Cloud Management console and Identity services - severe performance degradation

Incident window: October 28, 2019 17:01 to 17:56 UTC

Impacted Cloud services:

Cloud management console
Identity

Impact Level : high

We have detected significant performance degradation for the impacted Cloud services, resulting in increased latency and error rates for the responses. We are working to restore service performance and availability to normal operating levels.

[2019-10-28 18:15 UTC] Resolved. We have restored performance and availability for the Cloud management console (https://manage.kony.com) and Identity services as of 17:56 UTC.

[2019-10-28 21:24 UTC] We would like to share some additional information concerning the root cause of the incident today and the additional measures we are taking to reduce the likelihood of recurrence as well as to improve our ability to more quickly respond to and address similar events.

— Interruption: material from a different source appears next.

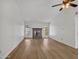 Bright living room featuring light wood floors and a classic brick fireplace at 17838 N 45Th Ave, Glendale, AZ 85308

In preparation for database certificate rotations, a new certificate bundle was loaded into our staging area. The automation properly replicated that bundle, but it was not expected that the systems would activate the bundle until sometime later.

Unfortunately, the Identity systems reloaded the certificate bundle prematurely. This caused connection errors to the databases, which very quickly locked all of the existing Identity servers out because the errors exceeded the connection threshold. This threshold is in place to prevent attacks on the database from the same IP trying to connect and guess passwords, etc.

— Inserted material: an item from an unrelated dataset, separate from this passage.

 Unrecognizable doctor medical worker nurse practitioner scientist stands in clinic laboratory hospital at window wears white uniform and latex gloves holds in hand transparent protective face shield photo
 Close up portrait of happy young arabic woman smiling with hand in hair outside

We corrected the issue with the assets and the automation was able to propagate the updates to the systems. However, having been locked out, the updates had no effect as the existing servers were unable to reach the database because of the now blacklisted IP. Similarly, we were unable to connect and manually reset the database from any of the authorized instances due to the instances all now having a blacklisted IP.

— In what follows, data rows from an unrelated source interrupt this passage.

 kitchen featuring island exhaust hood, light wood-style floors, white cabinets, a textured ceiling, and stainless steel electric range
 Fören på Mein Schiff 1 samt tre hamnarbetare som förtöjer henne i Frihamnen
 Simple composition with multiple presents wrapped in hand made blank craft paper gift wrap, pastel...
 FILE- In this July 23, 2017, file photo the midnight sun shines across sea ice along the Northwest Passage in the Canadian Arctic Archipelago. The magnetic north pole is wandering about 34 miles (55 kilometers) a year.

Once it was determined that automation had pulled the new bundle to all of the instances (and there would be no quick way to connect to the database from any existing servers), the fastest solution was to replaced the entire fleet of Identity servers in such a way that all of the new servers were ensured not to get one of the now blacklisted IPs.

The new servers were built with the proper assets and services were restored as these systems came on-online.

We have identified the following improvement actions that we will be pursuing in an effort to mitigate the recurrence of this type of issue altogether, but also to improve our incident response procedures to more rapidly resolve similar future issues:

Review the ‘attack’ threshold to ensure it is not overly aggressive.
Investigate why the Identity services activated the new asset without the expected coordinated restart.
Investigate the creation of additional highly restricted management instances that may provide access in cases like this to cut the time it takes to gain access for any manual intervention.